Memory is a snare, pure and simple; it alters, it subtly rearranges the past to fit the present.
―Mario Vargas Llosa
Imagine this. You’re a farmer, living all alone on the Siberian tundra. Day after day you plow your fields. As far as the eye can see, nothing. To the north, the horizon, to the east, the horizon, to the south, to the west, more of the same. Every morning, when the sun rises in the east, you go out to work in your fields. When it’s directly overhead, you take a break for lunch. When it sinks in the west, you go home to sleep.
And then one day, something inside you dies. Day after day you watch the sun rise in the east, pass across the sky, then sink in the west, and something breaks inside you and dies. You toss your plow aside and, your head completely empty of thought, begin walking toward the west. Heading toward a land that lies west of the sun. Like someone possessed, you walk on, day after day, not eating or drinking, until you collapse on the ground and die. That’s hysteria siberiana.
—Haruki Murakami, South of the Border, West of the Sun
Few men have the natural strength to honour a friend’s success without envy.
—Aeschylus, playwright and soldier, c. 525 BC—c. 456 BC
The narrator [is] a weak man irresistible to women. Although [he] has a way with women, his charms are mixed with passivity. He whips his romances up to a crescendo but can take them no further and he shatters his own life as well as those of his lovers.
— Chiyo Uno, Confessions of Love
You meet a girl: shy, unassuming. If you tell her she’s beautiful, she’ll think you’re sweet, but she won’t believe you. She knows that beauty lies in your beholding. And sometimes that is enough. But there’s a better way. You show her she is beautiful. You make mirrors of your eyes, prayers of your hands. It is hard, very hard, but when she truly believes you… Suddenly the story she tells herself in her own head changes. She transforms. She isn’t seen as beautiful. She is beautiful, seen.
—Patrick Rothfuss, The Name of The Wind
Each time out should be a swing for the fences. Don’t do base-running drills. You can do these on your own time.
—Tobias Wolff
Taken from The Believer Book of Writers Talking to Writers
My method back then was very much a fiction writer’s approach to journalism. I began to think of the way you world start a short story and begin with a character, and you hold that pen in your hand, and push it along, and wait to see what will develop.

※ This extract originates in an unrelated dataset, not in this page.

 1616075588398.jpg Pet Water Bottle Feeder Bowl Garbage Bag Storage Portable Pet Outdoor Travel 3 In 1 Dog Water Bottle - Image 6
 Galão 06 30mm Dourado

I had this theory that I would sort of put myself out there, and it was as if I was the pen, letting my own intuitions and circumstances guide me.
—Francisco Goldman
Taken from The Believer Book of Writers Talking to Writers
The narrator of my nonfiction pieces is not the same person I am—she is a lot more articulate and thinks of much cleverer things to say that I usually do.
—Janet Malcolm
Taken from The Believer Book of Writers Talking to Writers
All of these declarations of what writing ought to be, which I had myself—though, thank god I had never committed them to paper—I think are nonsense… You write what you write, and then either it holds up or it doesn’t hold up. There are no rules or particular sensibilities. I don’t believe in that at all anymore.
—Jamaica Kincaid
Taken from The Believer Book of Writers Talking to Writers
The dream, surely, that we all have, is to write this beautiful paagraph that actually is describing something but at the same time in another voice is writing a commentary on its own creation, without having to be a story about a writer.
—Ian McEwan
Taken from The Believer Book of Writers Talking to Writers
I’ve never thought of beauty and truth as equivalent in any way. Some truths are ugly, sometimes beautiful, very often ambiguous and invisible. It’s that ambiguous and invisible realm I’m always reaching for in my writing.

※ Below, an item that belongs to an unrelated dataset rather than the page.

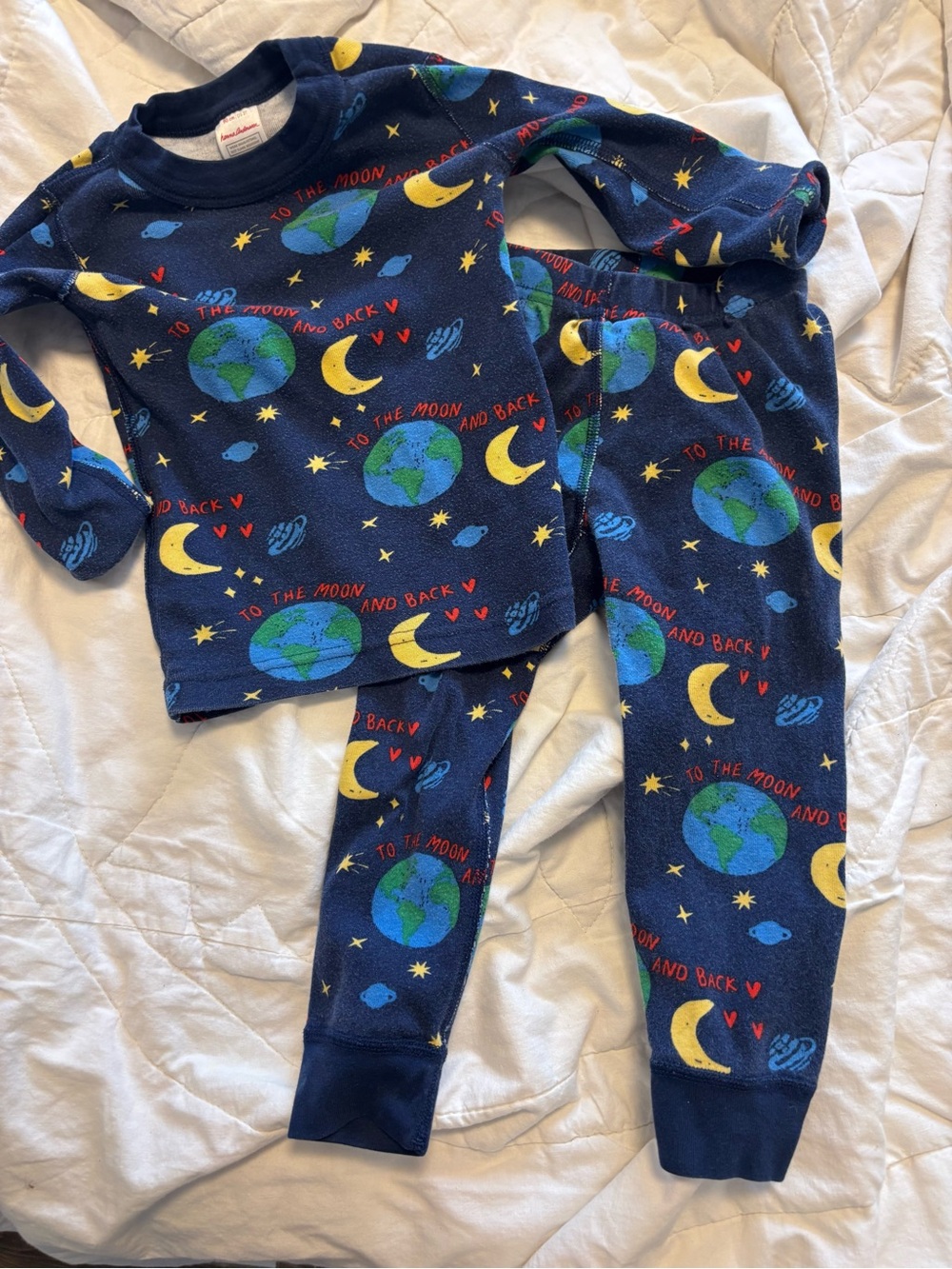 Pajamas Hanna andersson pjs to the moon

Because when we retrieve a memory, we don’t retrieve the original but rather our last retrieval of that memory: we don’t walk around with original, pure imprints of our past. We edit them through the present. Neuroscientists call this reconsolidation. Freud called it nachträglichkeit.
Reading is the avenue to writing, and after a while, the sheer bulk of influences begins to eliminate the question of influence. Even when my memory is spotty for a particular work I loved, I think it lives inside me in some form. Books we respond to become us. They don’t remain intact, of course, or unedited in our recollection, but nobody really writes alone.
—Siri Hustvedt
Taken from The Believer Book of Writers Talking to Writers
What the novelist needs is not diverse opinions but a personal system of storytelling upon which his opinions can take a firm stand.
Women often act as mediums in my novels. They guide the protagonist to “places out of the ordinary,” and they make the story move.
What I want to do is write about lots of different characters in lots of different situations, and that way to create stories with greater breadth. New character types are beginning to appear in my books because I know now how to write them.